W większych miastach w całej Polsce protestowali dziś frankowicze. To osoby, które wzięły kredyty hipoteczne w szwajcarskiej walucie. W ciagu ostatnich 10 dni ich raty wzrosły o blisko 20-ścia procent. Ci, którzy zebrali się w Warszawie pod Pałacem Prezydenckim podkreślali, że nie oczekują pomocy finansowej od państwa, ale pomocy prawnej w rozwiązaniu problemu.

W Łodzi kilkadziesiąt osób zebrało się w pasażu Schillera - przynieśli transparenty i rozdawali ulotki. Domagali się powołania przez rząd Komisji do spraw Renegocjacji Umów, przewalutowania kredytów we frankach oraz wstrzymania egzekucji z ich tytułu. Stowarzyszenie Pro Futuris, które zorganizowało protesty .planuje zorganizować w Łodzi serię konferencji, poświęconych kredytom we frankach.

Na wrocławskim rynku protestowało ponad sto osób. Mieli ze sobą transparenty z napisami banksterzy. Ludzie zapowiadają dalsze protesty i pozwy zbiorowe między innymi przeciwko Komisji Nadzoru Finansowego.

Również ponad sto osób protestowało na Rynku Głównym w Krakowie. Frankowicze przynieśli ze sobą transparent z hasłem "Banksterom Stop!": Mówili, ze nie chcą być oszukiwani przez banki.

Mieszkańcy Trójmiasta, którzy wzięli kredyty we frankach skrzyknęli się i przed fontanną Neptuna w Gdańsku pojawiło się około stu zdesperowanych osób. Nie proszą o pomoc finansową, ale o systemowe rozwiązanie, które pomoże im spłacić kredyty.

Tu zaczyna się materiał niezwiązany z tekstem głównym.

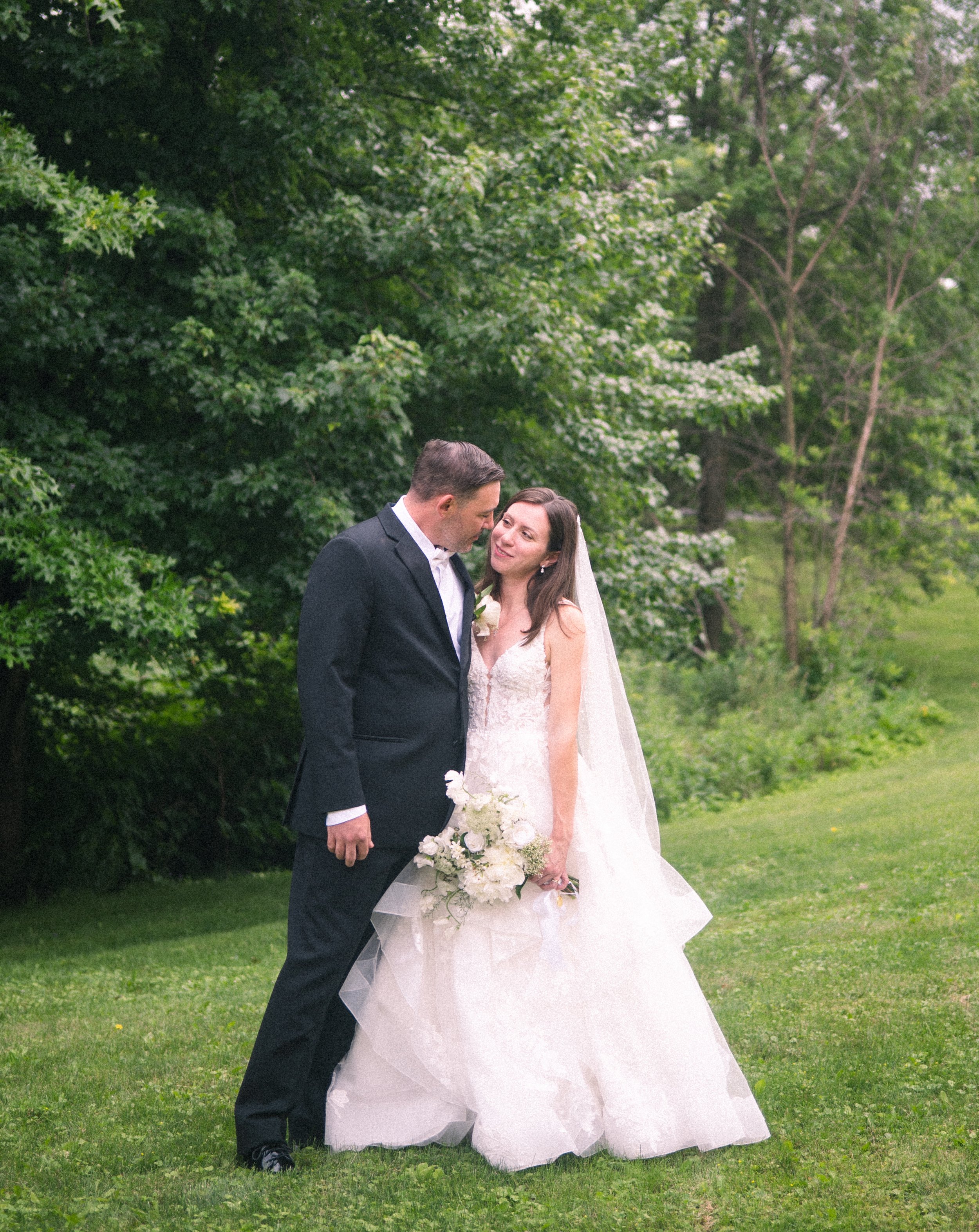 00.0-sneaks-WEB-FaithNick-.037_260627_Pennsylvania, Pittsburgh, Sneak Peaks, Summer, Wedding-.jpg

Ponad pięćdziesiąt osób spotkało się w Szczecinie w ramach internetowej akcji organizowanej przez Stowarzyszenie Obrony Poszkodowanych przez Banki "Pro Futuris". Frankowicze domagali się powołania rządowej Komisji do Renegocjacji Umów i możliwości przewalutowania kredytów we frankach po kursie z dnia kiedy zostały zaciągnięte. Jeden z uczestników zgromadzenia został spisany przez policję. Zdaniem policji zgromadzenie przed szczecińskim Urzędem Miasta było nielegalne, gdyż odbyło się bez zgody władz miasta.

Wśród proponowanych przez Związek Banków Polskich rozwiązań znalazły się między innymi: ujemna stawka LIBOR, istotne zmniejszenie spreadu (różnicy kursu kupna - sprzedaży) w ciągu najbliższych 6 miesięcy oraz wydłużenie na wniosek klienta czasu spłaty kredytu we frankach lub jej okresowe zawieszenie. Część tych, którzy zaciągnęli kredyt we franku szwajcarskim czuje się poszkodowana. Ale niektórzy eksperci wskazują, że pomoc dla nich byłaby niesprawiedliwa wobec tych, którzy w tym samym czasie zaciągnęli kredyt w złotym i płacili wyższe raty.

Po uwolnieniu kursu franka w ubiegłym tygodniu, zamiast około 3,50 złotego, dziś płacimy za szwajcarską walutę około 4,20 złotego. W Polsce kredyty w szwajcarskiej walucie ma ponad 700 tysięcy osób.